A Brief History of Golem
When I came to UT, I decided that
- I was going to be my own system manager.
- My machine name was not going to change, even though the hardware surely would.
- I was going to run a decent operating system (NeXTStep, and later MacOSX).
- Someday, I would get an office with a window.
Purchased | CPU | RAM | Hard Drive | |
---|---|---|---|---|
HP 9000/712 | Feb, 1995 | 80 MHz PA/RISC | 64 MB | 2 GB |
Macintosh G4 | Feb, 2001 | 466 MHz G4 | 1 GB | 30 GB |
Macintosh G5 | Jan, 2005 | dual 2.5 GHz G5’s | 250 GB |
Today, generation III arrived.
- I unpacked the box.
- Hooked the FireWire cable up to Golem II, and booted into FireWire Target Disk Mode.
- Reformatted and partitioned the hard drive.
- Used CarbonCopyCloner to clone Golem II’s hard drive onto the new one1.
- After dinner and putting the kids to bed, returned to the office to swap out the old machine and replace it with the new. (It takes a while to copy 25 GB of files, even over FireWire.)
First impressions are that it’s a lot quieter than Golem II, in addition to being alarmingly faster.
Oh, and all of this took place in my new office.

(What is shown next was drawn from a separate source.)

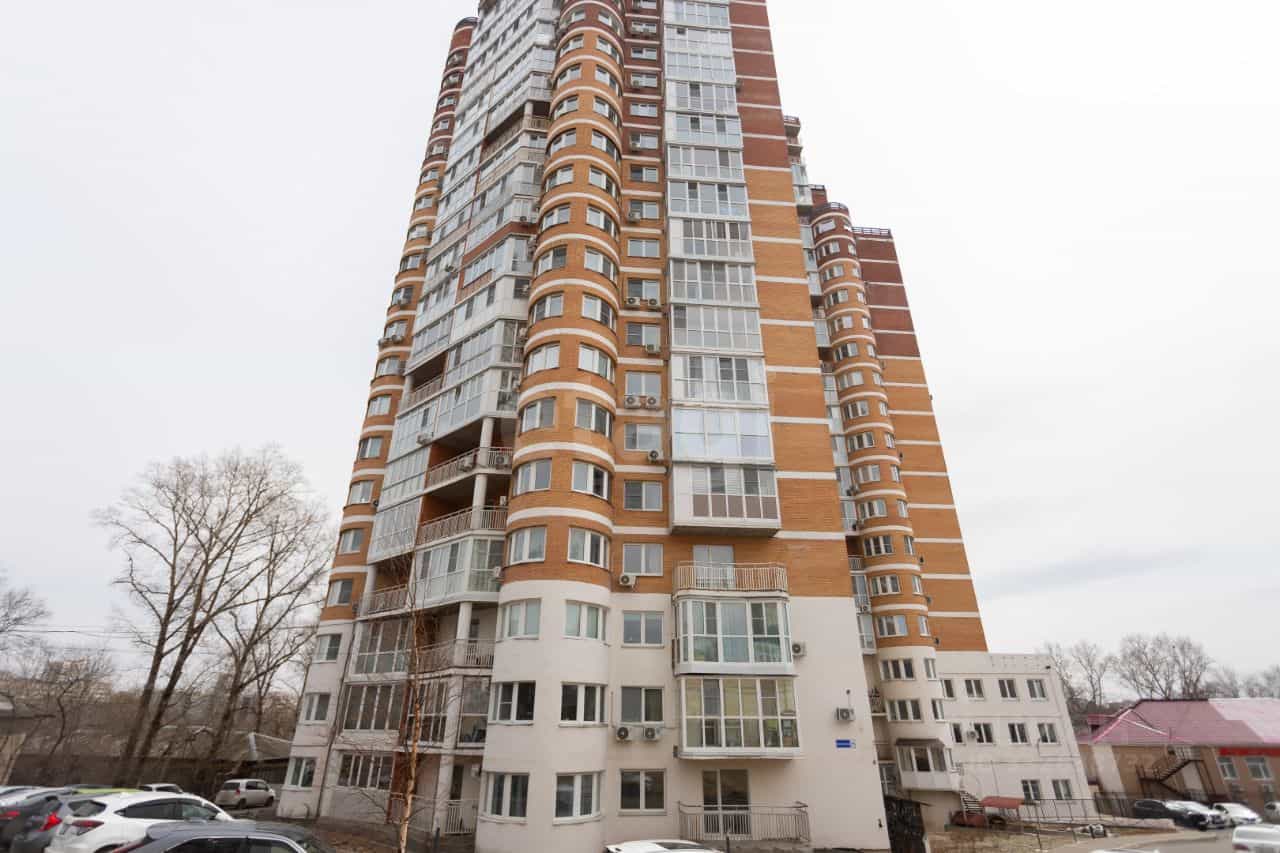 Россия, Хабаровск, улица Казачья Гора, 15, фото 27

The one with the window.
Update (1/25/2005):
At Srijith’s request, some pictures of the new office.1 My friend at Apple, who write the scripts used by their Phone Support people, turns white as a sheet and starts to stammer when she hears about my method for upgrading machines. But I can attest that it works flawlessly.
Re: A Brief History of Golem
A window? Nice!
I find myself in the market for a Mac that will compile Firefox in a tolerable amount of time: any advice? Money’s mostly an issue in that I don’t want to feel like I’ve been taken while buying a toy.